[Available data Boundary: Start]
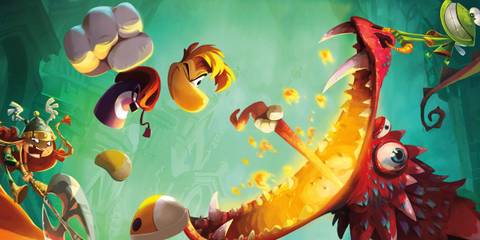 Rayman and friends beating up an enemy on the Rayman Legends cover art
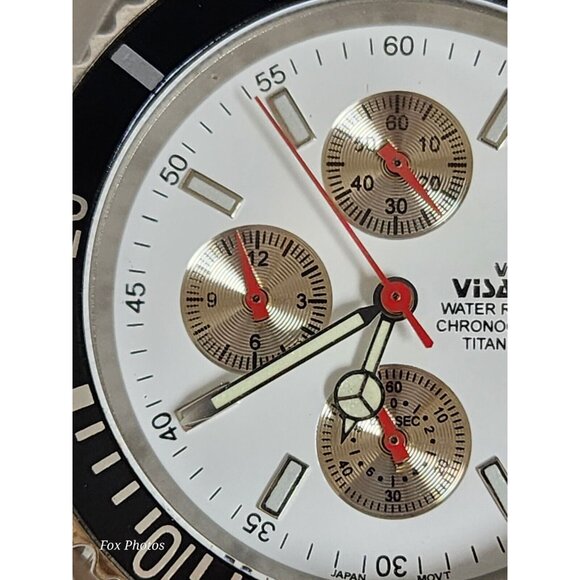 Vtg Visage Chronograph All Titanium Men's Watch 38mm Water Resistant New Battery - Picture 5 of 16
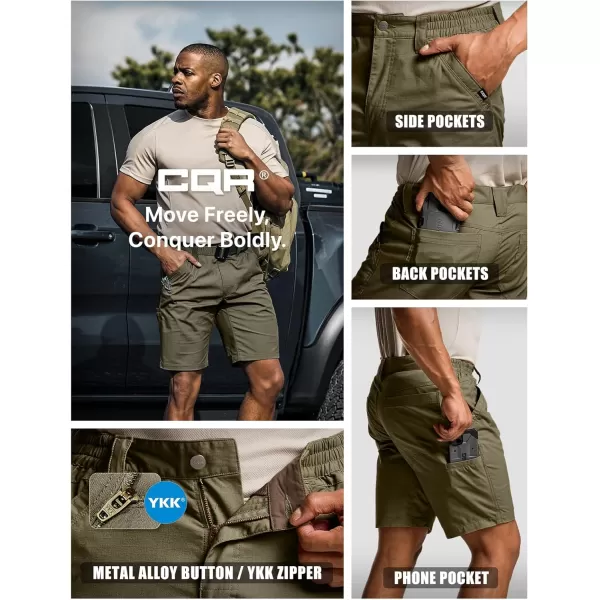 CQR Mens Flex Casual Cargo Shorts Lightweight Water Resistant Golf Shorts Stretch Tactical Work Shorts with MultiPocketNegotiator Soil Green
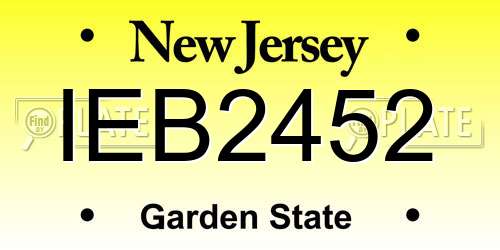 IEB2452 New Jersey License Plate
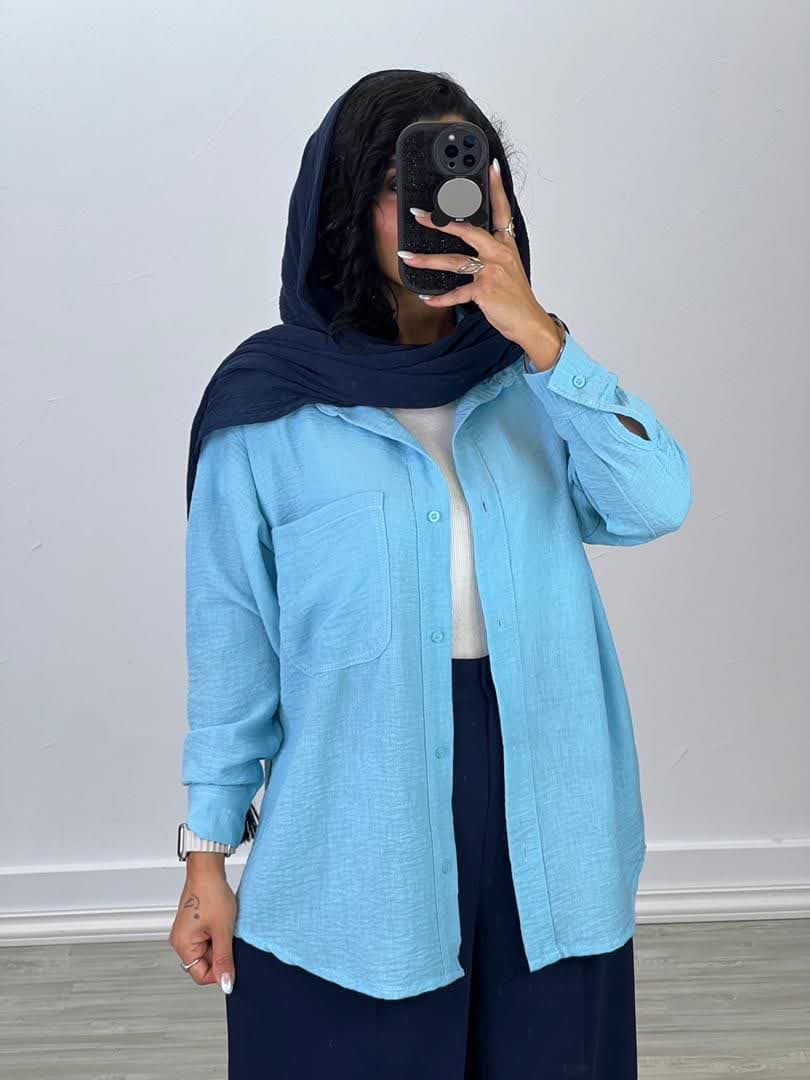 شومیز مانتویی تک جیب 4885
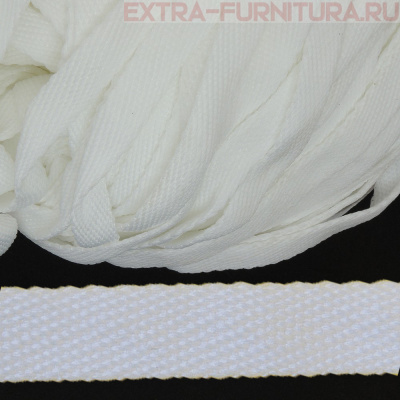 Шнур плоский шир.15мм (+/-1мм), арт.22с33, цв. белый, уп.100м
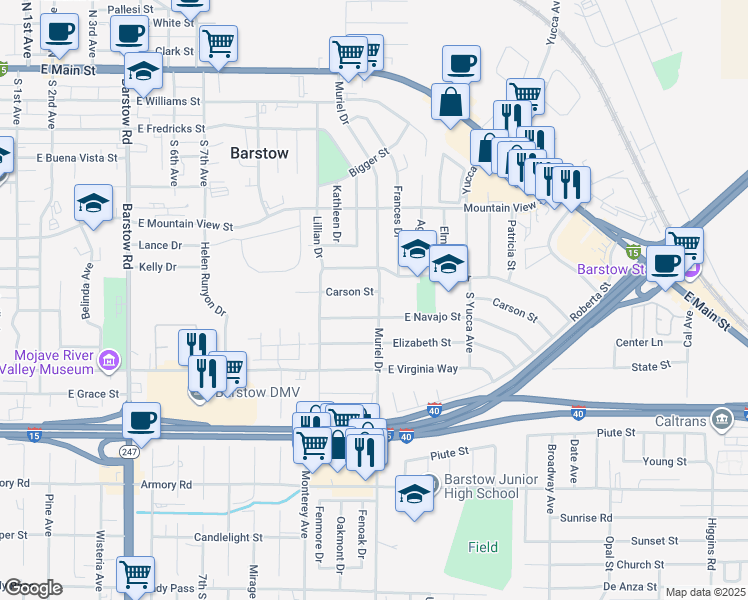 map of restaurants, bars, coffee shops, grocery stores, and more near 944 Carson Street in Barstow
[Available data Boundary: End]
Exercise aim: Your answer must be an exact copy of the records above, with no pictures included.

The completed task:
 Rayman and friends beating up an enemy on the Rayman Legends cover art
 Vtg Visage Chronograph All Titanium Men's Watch 38mm Water Resistant New Battery - Picture 5 of 16
 CQR Mens Flex Casual Cargo Shorts Lightweight Water Resistant Golf Shorts Stretch Tactical Work Shorts with MultiPocketNegotiator Soil Green
 IEB2452 New Jersey License Plate
 شومیز مانتویی تک جیب 4885
 Шнур плоский шир.15мм (+/-1мм), арт.22с33, цв. белый, уп.100м
 map of restaurants, bars, coffee shops, grocery stores, and more near 944 Carson Street in Barstow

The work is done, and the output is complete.